Als wir letztlich das ABC (6400 m) - und damit einige wenige, schon früher aufgestiegene Bergsteiger - erreichten, wurde uns allmählich das ganze Ausmaß der Katastrophe bewusst. Und damit begann
auch die Diskussion um 'umkehren' oder nicht.
Die Straße zurück nach Nepal war völlig unbrauchbar, im gänzlich zerstörten chinesischen Grenzort Zangmu und Umgebung alleine 1200 Tote. Weder wir noch die für die AMICAL alpin Mannschaft
beschäftigten Sherpas hätten auf dem Landweg zurück reisen können. So entschieden wir uns zunächst in der Sicherheit des vorgeschobenen Basislagers zu verbleiben.
Nach drei Tagen wurde uns von den chinesischen Behörden mitgeteilt der Everest sei aus Sicherheitsgründen auf der tibetischen Seite für ein halbes Jahr gesperrt. Seismologen würden weitere starke
Nachbeben mit Epizentrum bei Tingri -nördlich des Everest- erwarten.
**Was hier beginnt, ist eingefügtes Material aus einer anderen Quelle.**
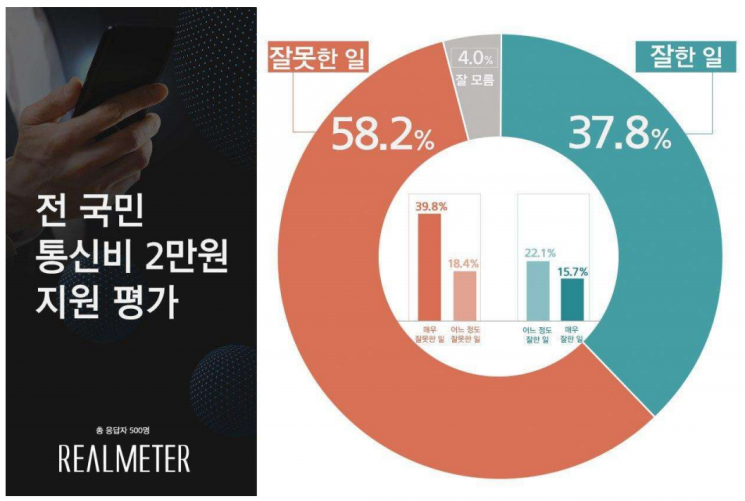 통신비 2만원 지원, "잘못한 일" 58.2% vs "잘한 일" 37.8%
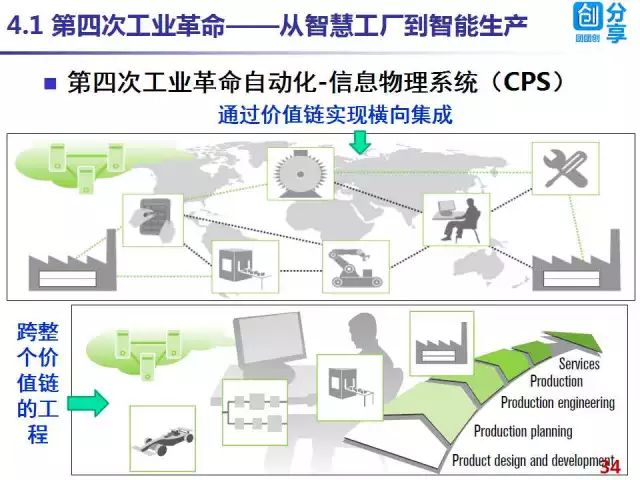 探索未来之门，2025新奥正版资料免费大全与实时解答解释落实指南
So stiegen wir die 22 km ins untere Basislager wieder ab und trafen dort viele entweder beim Zusammenpacken oder aber
erfuhren, dass einige schon abgereist waren. Mit dem Ziel so schnell wie möglich über Lhasa und Peking zurück nach Europa oder Japan zu reisen. Zurück blieb das Zwischenlager und das ABC, wo
inzwischen Ausrüstung und Verpflegung, welche von über etwa 1000 Yaks transportiert wurde, lagerte. Hoffentlich findet diese nach dem Rücktransport den Weg zu bedürftigen Abnehmern, damit die
Tonnen von Verpflegung nicht verrotten.
Diese Zeilen schreibe ich von Lhasa - der rapide wachsenden Hauptstadt Tibets. Insgesamt 14 Fahrstunden vom Everest Basislager entfernt. Die China Tibet Mountaineering Association (CTMA) trägt
großzügig die Kosten für Rücktransport, Unterbringung und Verpflegung. Und kümmert sich um die Visaformalitäten der gesamten gestrandeten Bergsteiger an allen tibetischen Gipfeln. Uns bleiben die
Kosten für die überraschend baldige Rückreise ab Lhasa.
Wir planen am 6. der 7. Mai nach Kathmandu zurück zu fliegen und sind uns bewusst, dass wir dort eventuell eher eine Last als eine Hilfe sein werden. Aber es ist mir wichtig die beiden 2001 und
2009 gemeinsam mit der Nepalhife Beilngries auf den Weg gebrachten Schulen in Sindhubalchowk in Augenschein zu nehmen. Beide sollen schwer beschädigt oder zerstört sein. Wir haben ein leichtes
Zelt, Matten und gefriergetrocknete Verpflegung im Gepäck.
Für den 10. Mai plant die chinesische Regierung den gesamten Sherpas (also nicht nur den Hochträgern sondern auch den Köchen und Küchenhelfern) einen kompletten Charterflug von Lhasa nach KTM
kostenlos zur Verfügung zu stellen. Laut CTMA hier in Lhasa ist die Wahrscheinlichkeit bei ca. 90%. Es gibt seit dem Erdbeben keinen anderen Weg aus Tibet nach Nepal. Nyalam muss weitestgehend
zerstört und die Straße nach Kodari an vielen Stellen unbrauchbar sein. Auch die Straße westlich des Shisha Pangma ins vordere Langtang nach Sybru Besi/Dhunche ist zerstört.